Una niña vestida de blanco y su perro posan al lado de una partitura en la que leemos el nombre de Beethoven. Un cuadro limpio y pulcro, propio de ese «retorno al orden» que prevalecía en las artes como una reacción a la guerra en esos años.
Pero hay algo extraño en esta escena, y puede que ayude a ello el espejo que duplica la figura y confunde todo el espacio como un laberinto irreal. También son inquietantes ciertos elementos del mobiliario como esa guitarra sin cuerdas, o esa silla de una escala que debería ser menor.
Pero sobre todo se amplifica lo irreal de la escena con la mirada casi siniestra de la niña con su vestido y sus medias blancas inmaculadas. Dentro de su inocencia parece un drugo de la pandilla de La naranja mecánica de Kubrick, esos adolescentes a los que tanto les encantaba el divino, divino Ludwig van.

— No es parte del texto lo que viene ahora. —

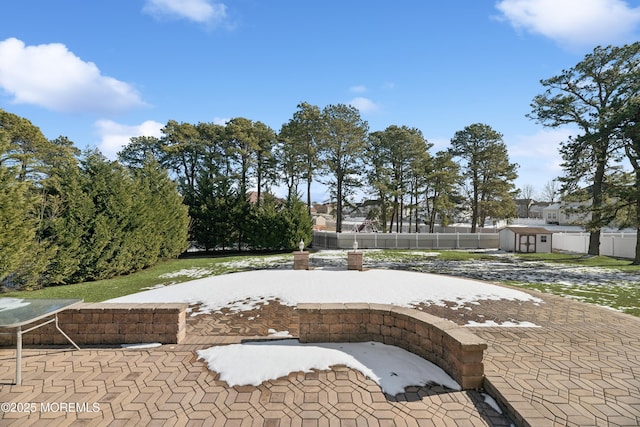 view of swimming pool featuring a storage shed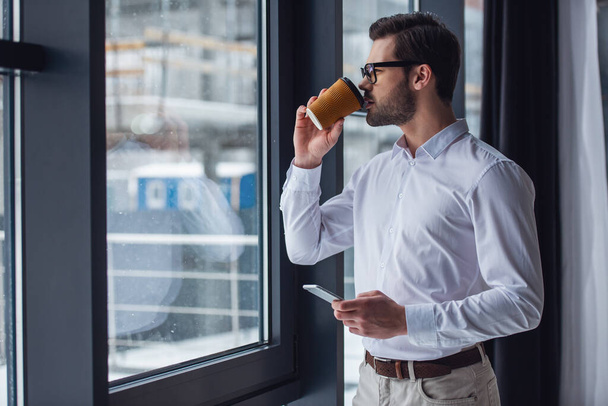 Handsome businessman in eyeglasses is holding a smart phone and drinking coffee while looking out the window in office - Photo, Image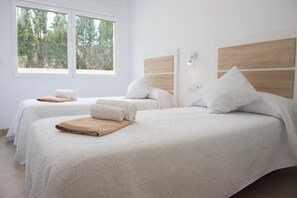 A hotel room with two beds, each with a white bedspread and a rolled towel. There is a window providing a view of trees outside. - Marina B3 4 pax in J vea (Denia)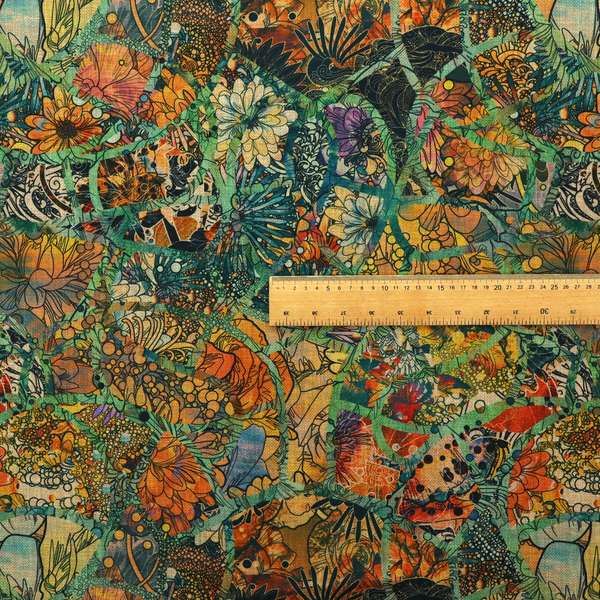 An abstract mosaic fabric pattern with stained glass-style botanical and floral illustrations in emerald green, orange, and gold tones.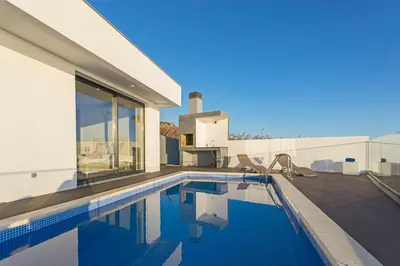 a swimming pool in the backyard of a house at Searenity Vacation Home II by An Island Apart in Arco da Calheta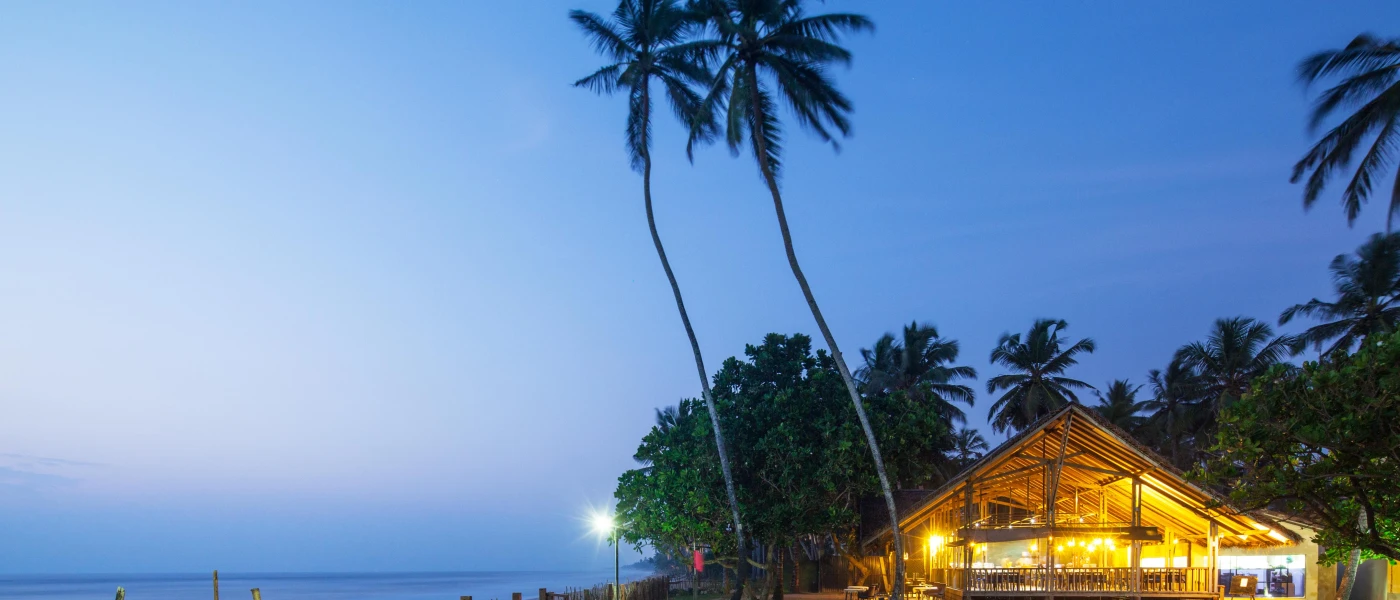 Wooden open-sided pavilion lit up at night with a view of the ocean and tall palms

Son misteriosos detalles compositivos típicos de ese realismo mágico que fue la pintura metafísica, que dentro de una escena cualquiera de la vida cotidiana y doméstica, se transmite una atmósfera que podríamos calificar de alienante. Como un sueño o un delirio a plena luz del día bañados de luz en una habitación en la que, si no fuera por el título de la obra, reinaría el silencio.
Dentro de ese sueño se reflejan silencio, calma, quietud, como en la técnica artística de Casorati, que parece construida a partir de lentas sedimentaciones tanto pictóricas como emocionales.